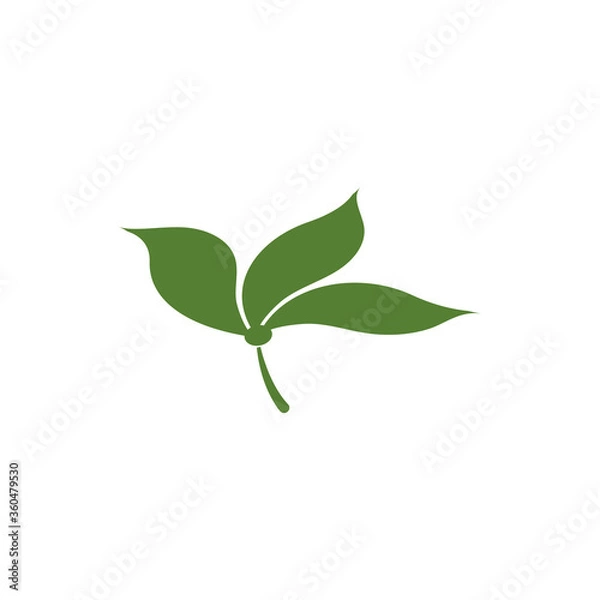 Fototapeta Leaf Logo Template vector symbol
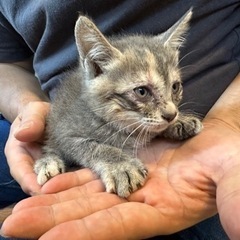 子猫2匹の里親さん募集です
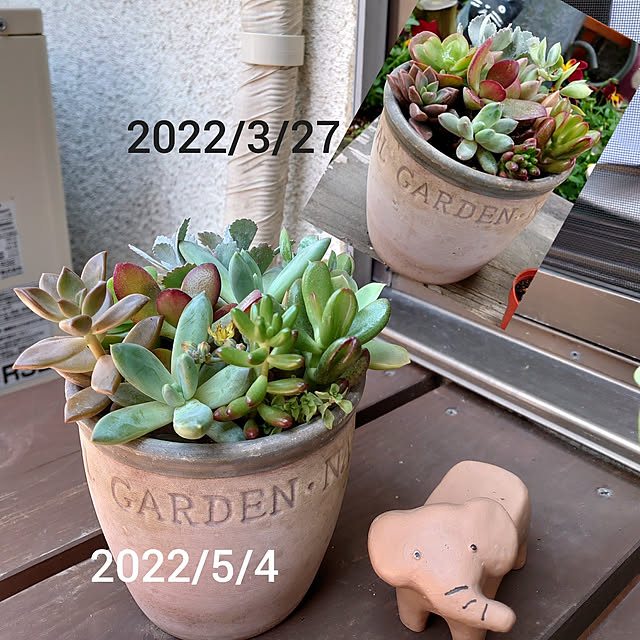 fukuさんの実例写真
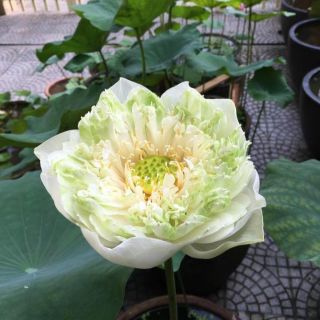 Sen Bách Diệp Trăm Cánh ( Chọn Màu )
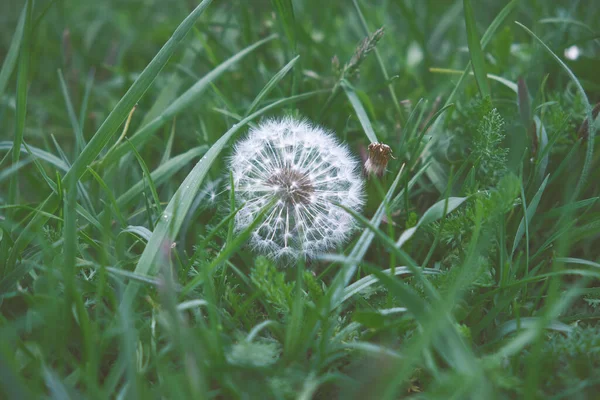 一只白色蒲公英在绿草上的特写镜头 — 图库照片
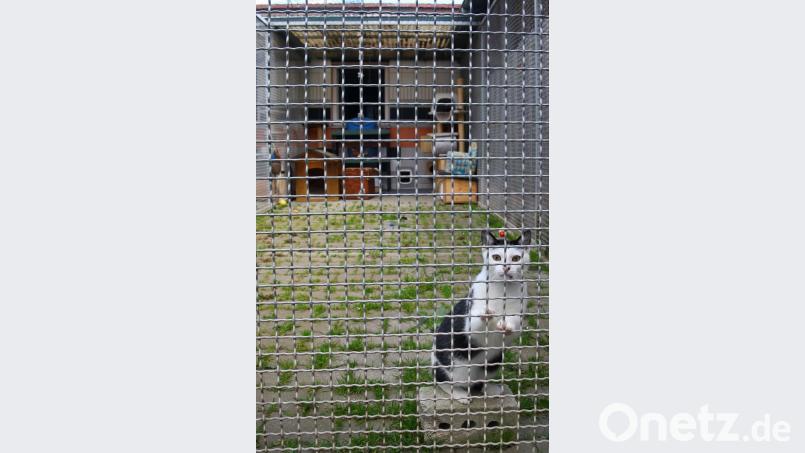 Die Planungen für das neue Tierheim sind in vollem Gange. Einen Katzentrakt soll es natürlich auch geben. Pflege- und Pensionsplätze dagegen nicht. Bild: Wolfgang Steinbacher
--------
PROBLEM TO WORK ON:
Your copy should consist only of the lines from the line holding "fukuさんの実例写真" through the final line of the listing above, both included, with all pictures omitted.

ANSWER FOR THIS EXERCISE:
 fukuさんの実例写真
 Sen Bách Diệp Trăm Cánh ( Chọn Màu )
 一只白色蒲公英在绿草上的特写镜头 — 图库照片
 Die Planungen für das neue Tierheim sind in vollem Gange. Einen Katzentrakt soll es natürlich auch geben. Pflege- und Pensionsplätze dagegen nicht. Bild: Wolfgang Steinbacher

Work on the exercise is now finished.